Closed shawLyu closed 4 years ago
Hi @shawLyu, thanks for pointing it out, that's an interesting question. The main difference I've found between the two is that D3VO also estimates the brightness transformation parameters between the different frames. This may have an impact
Hi @mattpoggi Thanks for your reply, I will do this experiment next.
I forgot to mention that, according to D3VO paper, "DepthNet also predicts the depth map D{t^s} of the right image I{t^s}". This can also make a difference.
Hi @mattpoggi
Thanks for your innovative work. I had the same confusion before, but after conducting many experiments, I found there might be a potential issue in the implementation (not sure about it as both mono-uncertainty and D3VO did not release their code).
In my opinion, in the part of calculating the loss of Log, the shape of the to_optimse
should be the same as the uncertainty
.
(Pdb) to_optimise.shape
torch.Size([8, 192, 640])
(Pdb) uncer.shape
torch.Size([8, 1, 192, 640])
(Pdb) (to_optimise / uncer + torch.log(uncer)).shape
torch.Size([8, 8, 192, 640])
However, even if the shape is not a perfect match, the operation is still legal, as shown above, and could lead to the results like yours. On the other side, D3VO is doing it in the same shape and the results look totally different.
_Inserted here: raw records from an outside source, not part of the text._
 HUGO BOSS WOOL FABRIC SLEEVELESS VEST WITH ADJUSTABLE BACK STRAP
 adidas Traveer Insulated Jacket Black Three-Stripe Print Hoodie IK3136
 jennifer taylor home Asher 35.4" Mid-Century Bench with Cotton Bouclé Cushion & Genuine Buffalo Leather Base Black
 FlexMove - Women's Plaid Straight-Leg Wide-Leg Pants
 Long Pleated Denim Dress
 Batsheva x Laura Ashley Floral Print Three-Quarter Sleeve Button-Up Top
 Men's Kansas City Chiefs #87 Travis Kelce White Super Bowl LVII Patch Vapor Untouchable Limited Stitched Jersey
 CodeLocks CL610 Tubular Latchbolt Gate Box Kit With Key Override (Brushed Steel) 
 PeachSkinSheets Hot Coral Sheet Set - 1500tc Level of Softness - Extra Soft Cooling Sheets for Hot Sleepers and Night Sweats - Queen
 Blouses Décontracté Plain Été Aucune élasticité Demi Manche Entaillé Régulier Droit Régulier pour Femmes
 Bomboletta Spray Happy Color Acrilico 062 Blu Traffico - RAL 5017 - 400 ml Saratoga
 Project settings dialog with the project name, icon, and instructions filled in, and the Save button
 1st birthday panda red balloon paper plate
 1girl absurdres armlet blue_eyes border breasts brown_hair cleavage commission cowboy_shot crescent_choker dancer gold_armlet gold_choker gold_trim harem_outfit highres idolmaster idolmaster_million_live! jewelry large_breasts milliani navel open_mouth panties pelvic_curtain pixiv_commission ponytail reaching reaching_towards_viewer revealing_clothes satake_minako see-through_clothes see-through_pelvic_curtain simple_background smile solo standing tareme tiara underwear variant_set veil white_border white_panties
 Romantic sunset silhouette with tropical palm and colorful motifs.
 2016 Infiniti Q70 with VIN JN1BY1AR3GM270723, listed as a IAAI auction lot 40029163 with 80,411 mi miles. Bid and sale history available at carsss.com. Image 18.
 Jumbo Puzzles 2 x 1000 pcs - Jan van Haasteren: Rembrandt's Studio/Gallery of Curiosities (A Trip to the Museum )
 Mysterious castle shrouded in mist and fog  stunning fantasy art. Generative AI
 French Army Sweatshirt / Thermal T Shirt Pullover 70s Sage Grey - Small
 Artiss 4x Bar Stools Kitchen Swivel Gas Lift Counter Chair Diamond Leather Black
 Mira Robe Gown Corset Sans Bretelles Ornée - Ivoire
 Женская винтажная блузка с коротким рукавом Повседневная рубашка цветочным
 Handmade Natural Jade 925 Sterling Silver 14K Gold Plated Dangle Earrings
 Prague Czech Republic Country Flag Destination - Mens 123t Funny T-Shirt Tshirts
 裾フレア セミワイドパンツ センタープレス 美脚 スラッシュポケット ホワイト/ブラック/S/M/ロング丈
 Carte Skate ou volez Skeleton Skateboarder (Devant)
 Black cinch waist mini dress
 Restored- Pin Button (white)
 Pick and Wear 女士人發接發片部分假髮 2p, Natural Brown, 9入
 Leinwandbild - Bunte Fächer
Note that the following networks are using pure monodepth2 with a different shape of uncertainty, no extra skills (brightness transformation, right disparity prediction, or augmentation) are used.
Please let me know if I have any misunderstanding about your paper, thank you.
Hi, thanks for your great work. I noticed that there were two work for MDE in CVPR20 using uncertainty loss, another work was D3VO. Both of you used the same uncertainty loss (log section in your paper), but gotten totally different uncertainty map. I can get uncertainty map as yours. So I‘d like to ask if you know the reason. Looking forward to your reply. Thanks.